The Athar represents the smoothest amalgamation of contemporary American and ancient Mesopotamian food. Those looking for a more delectable version of their favorite Americanized meal won’t turn away in disappointment, as the carnivorous portion of the menu promises rib eye, pork and lamb chops of inimitable taste. The melt-in-your-mouth cheesecake and chocolate fudge cake are a must-try dessert as well.

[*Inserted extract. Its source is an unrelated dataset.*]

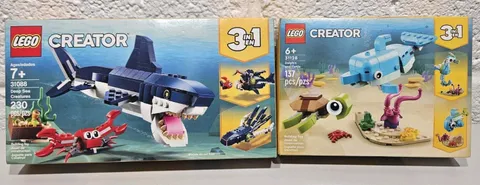 Lot of 2 LEGO CREATOR Sets Dolphin and Turtle 31128 & Deep Sea Creatures 31088
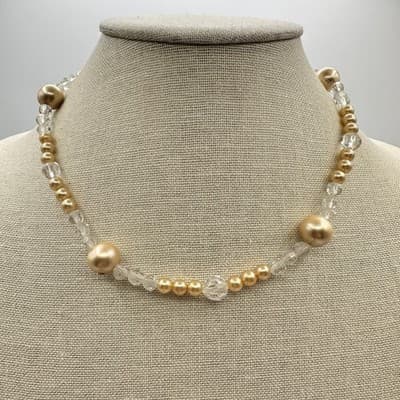 Vintage 90s Y2K Faux Pearl Glass Beaded Chunky Necklace Retro Women's Jewelry - Thumbnail 2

At the same time, every delicious menu item breathes of a Middle Eastern touch. A meal can leave a lingering and almost imperceptible hint of garlic and ginger, or radiate cinnamon and nutmeg. Hummus-lovers, beware: you might turn away from store-bought hummus after trying Athar's homemade version. The hummus also seems to complement all appetizers, starting with the dolmah (beef with rice and tomatoes wrapped in grape leaves) and ending with the more exotic sea scallops with white wine sauce and crab-stuffed mushrooms with garlic sauce. However, you will have to curb your enthusiasm and consume all entrees with care, as they are but a mouth-watering tease before the main courses. Even the simpler meals, such as the Mediterranean salad or the skewered filet mignon, will leave your taste buds reeling.

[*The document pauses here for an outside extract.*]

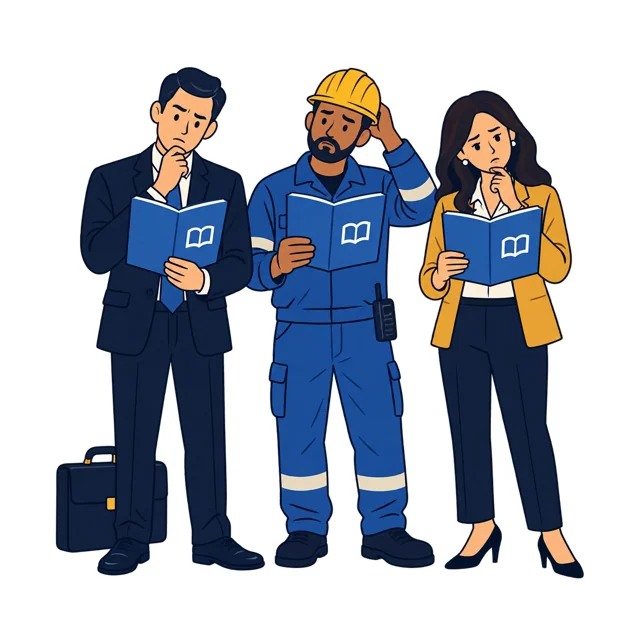 Three employees in different roles holding identical training books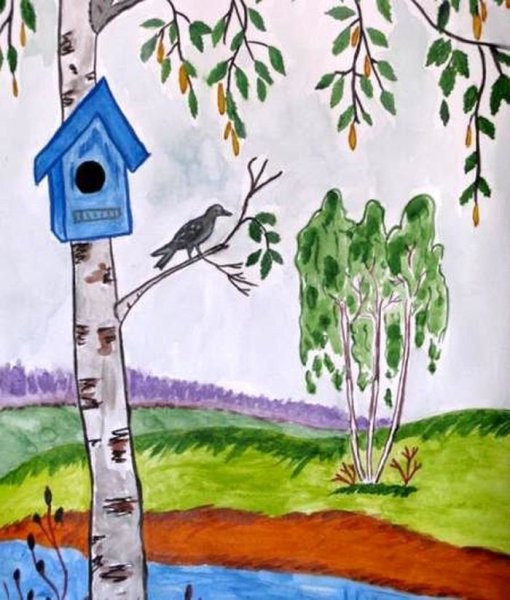 Детские рисунки Весна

Before lunging toward the steaming plate in front of you, make sure that you choose a glass of red or white wine, or perhaps a cocktail to bring out the subtle flavors in your food of choice. Much like the hummus, Athar's superb drink menu completes each delicious bite of food. At this point, consider yourself lucky if you have enough room to finish the tasty symphony with some ataif, a phyllo pastry folded with walnuts and ricotta cheese, or the bourmah, a pistachio and walnut treat.

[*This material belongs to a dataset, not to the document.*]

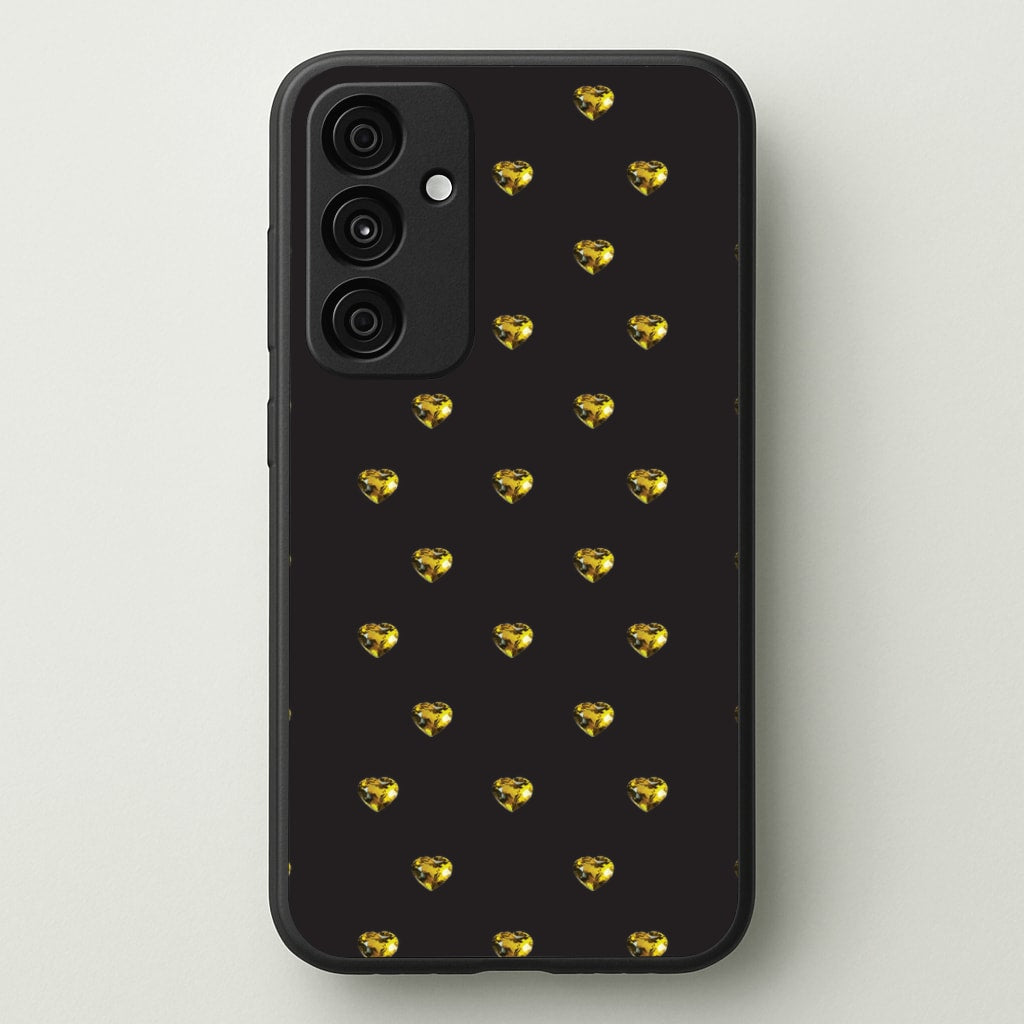 Gold Gem Hearts Pattern - Patterns Phone Case for Galaxy A35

If your meal happens to be on a Saturday, don’t raise your hand for the check just yet. Just as you are about to dry the last sip of wine, the normally subdued flute, fiddle and frame drum sounds will grow to a crescendo. Sheer curtains part to reveal a sequin-clad, stomach-baring belly dancer. As she rolls her body in harmony with the music, she makes individual rest stops at each table to ensure you leave the restaurant full and in high spirits.